On pourrait comparer l’économie algérienne à une maison construite sur un sol instable : tant que les prix du pétrole tiennent, la structure tient aussi. Mais à la moindre secousse sur les marchés internationaux, les fondations vacillent. C’est ce que la Banque mondiale propose de corriger : consolider la base de l’économie pour la rendre moins dépendante de ces aléas.
Miser sur la productivité et réorienter l’emploi
L’un des axes clés du rapport est la nécessité de renforcer la productivité, particulièrement dans des secteurs à fort potentiel comme l’industrie manufacturière et les services. Cyril Desponts, économiste principal de la Banque mondiale pour l’Algérie, insiste sur ce point : « des gains de productivité sont indispensables pour libérer le potentiel de croissance du pays ». Actuellement, une grande partie de l’emploi reste absorbée par des secteurs peu productifs ou alimentés artificiellement par la dépense publique. La Banque mondiale recommande de favoriser une migration de l’emploi vers des activités à plus forte valeur ajoutée, capables de soutenir la compétitivité du pays tout en créant des opportunités durables.
Cette stratégie implique de repenser la formation professionnelle, d’investir dans l’innovation et d’accompagner la modernisation des entreprises locales. Ce serait une manière de transformer un moteur à essence – puissant mais polluant et instable – en un moteur hybride, plus équilibré, adaptable et autonome. Il ne suffit plus d’attendre que les recettes pétrolières remplissent les caisses de l’État : il faut générer de la richesse par l’effort productif, l’investissement privé, et l’émergence d’un tissu industriel robuste.
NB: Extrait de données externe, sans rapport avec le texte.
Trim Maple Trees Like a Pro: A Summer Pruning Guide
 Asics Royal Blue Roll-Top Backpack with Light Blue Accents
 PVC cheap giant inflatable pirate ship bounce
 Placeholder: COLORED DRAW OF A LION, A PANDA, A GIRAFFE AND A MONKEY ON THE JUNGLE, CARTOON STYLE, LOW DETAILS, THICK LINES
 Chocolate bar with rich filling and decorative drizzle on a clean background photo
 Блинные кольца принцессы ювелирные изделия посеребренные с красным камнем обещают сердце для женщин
Rationaliser les finances et encourager la production locale
Les importations croissantes, notamment de produits alimentaires, traduisent une dépendance extérieure problématique. Pour contenir cette pression, la Banque mondiale recommande un meilleur encadrement des flux commerciaux, sans pour autant céder à un protectionnisme rigide. Il s’agit plutôt d’encourager la production nationale par des incitations ciblées, et de rationaliser les dépenses publiques pour préserver les marges budgétaires.
Kamel Braham insiste ici sur un principe fondamental : même avec une trajectoire de croissance « solide », l’économie algérienne ne peut ignorer ses vulnérabilités. Des réformes fiscales, un meilleur ciblage des dépenses, et une gestion prudente des réserves de change sont essentiels pour préserver l’équilibre macroéconomique et renforcer la souveraineté économique du pays.
L’Algérie se trouve à un tournant. Les signaux positifs enregistrés en 2024 ne doivent pas masquer l’urgence des réformes. En mettant l’accent sur la productivité, la diversification de l’emploi, et la rigueur budgétaire, la Banque mondiale propose une feuille de route ambitieuse mais réaliste. Les voix de Kamel Braham et Cyril Desponts traduisent une conviction claire : la croissance ne suffit pas, il faut en maîtriser les ressorts. Car, seule une économie capable de générer sa propre dynamique pourra garantir à long terme prospérité et stabilité.